Этика Нового Завета - страница 62

стр.

При этом община наделена очень большой властью. Ее способность «связывать» и «разрешать» фактически превращает ее в орудие Бога в этом мире. Властью обладает община в целом, в своих совместных решениях. (В отличие от Мф 16:19, где власть «связывать» и «разрешать» даруется лично Петру[19].) Возникает вопрос: как же церкви могут быть доверены такие полномочия? Ответ - в обетовании: «Где двое или трое собраны во имя Мое, там Я посреди них». Община обладает властью Иисуса потому, что в ней присутствует Иисус (ср. 28:20). Собственной власти у нее нет, - она действует согласно Иисусовым заповедям и под Его продолжающимся руководством.

Но не может ли у церкви, обладающей столь большой властью, возникнуть искушения гордыней и авторитаризмом? Эту опасность евангелист осознает и рассматривает в стихах 21-35. Как он рассказывает, Петр, услышав про трехступенчатый процесс призвания грешников назад к братскому общению, осознал: это может привести к бесконечному циклу грехов и покаяний! Поэтому он задает резонный вопрос: «Сколько раз прощать грешника? Возможно, семь раз?» В своем поразительном ответе Иисус выказывает куда больше снисходительности, чем многие современные американцы, ободряющие концепцию «автоматического наказания», согласно которой человек, трижды совершивший какое-либо правонарушение, осуждается «по максимуму». Иисус же говорит об изобилии божественного милосердия. Это милосердие Церковь призвана являть миру: «Не говорю тебе: «до семи», но до семидесяти семи раз» (18:21-22). Здесь снова парадоксальным образом сочетаются строгость и милосердие. Иисус предъявляет ученикам требование, которое может показаться невероятным: прощать нужно бесконечно - как прощает сам Бог!

Кульминация речи о строгости и прощении - притча о немилосердном заимодавце (18:23-35). Царь из этой притчи прощает рабу долг в 10000 талантов. Это колоссальная сумма денег - вполне эквивалентна сумме государственного долга. («Годовой доход Ирода составлял не более 9000 талантов, а с Галилеи и Переи податей взималось лишь на 200 талантов»[20].) Получив прощение, раб уходит и с угрозами берет за горло другого раба, который и задолжал-то сущий пустяк - 100 динариев. Когда царь узнал об этом, то разгневался на немилосердного заимодавца:

Злой раб! Весь долг тот я простил тебе, потому что ты упросил меня. Не надлежало ли и тебе помиловать товарища твоего, как и я помиловал тебя? И разгневавшись, господин его отдал его истязателям, пока не отдаст ему всего долга. Так и Отец Мой Небесный поступит с вами, если не простит каждый из вас от сердца своего брату своему согрешений его (18:32б-35).

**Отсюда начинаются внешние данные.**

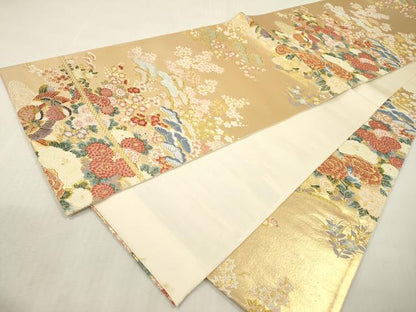 平和屋本店▼六通柄袋帯　唐織　錦織加賀　鴛鴦花文　本金箔　正絹　逸品　DABI7715fe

Притча намекает на богословские основы всего этого раздела о церковной дисциплине и прощении, - да и на основы всего понимания Матфеем взаимосвязи между божественным милосердием и божественной требовательностью. Милость предшествует всему, и только поэтому Весть о Царстве Небесном[21] - весть радостная.

Вспоминается пьеса Шекспира «Мера за меру». Лицемерный Анджело говорит умоляющей его Изабелле, сестре человека, осужденного на смерть:

Ваш брат законом осужден, и даром Вы тратите слова.

Она отвечает:

Но люди были все осуждены,

Однако Тот, чья власть земной превыше,

Нашел прощенье. Что же будет с вами,

Когда придет верховный Судия

Судить вас? О, подумайте об этом -

И милости дыхание повеет

Из ваших уст, и станете тогда

Вы новым человеком[22].

Аналогично, призыв Евангелия от Матфея прощать по слову Иисусову - логический вывод из милосердия Божьего. Но над презирающими божественную благодать нависла угроза будущего Суда.

3. Эсхатология Матфея: «Я с вами всегда, до скончания века»

Матфей сохраняет характерную для ранних преданий апокалиптическую эсхатологию: он верит в будущее славное пришествие Сына Человеческого, воскресение мертвых и Страшный суд (например, 16:27; 22:23-33; 24:3-44; 13:24-27, 36-43). Тем не менее, по сравнению с более ранней ролью апокалиптических традиций как основания надежды у Павла и Марка, мы наблюдаем ряд небольших изменений. Матфей несколько иначе использует эсхатологические мотивы и по-иному сопрягает их с другими элементами богословия. Для нашего понимания нравственной позиции евангелиста эти тонкости имеют самое принципиальное значение.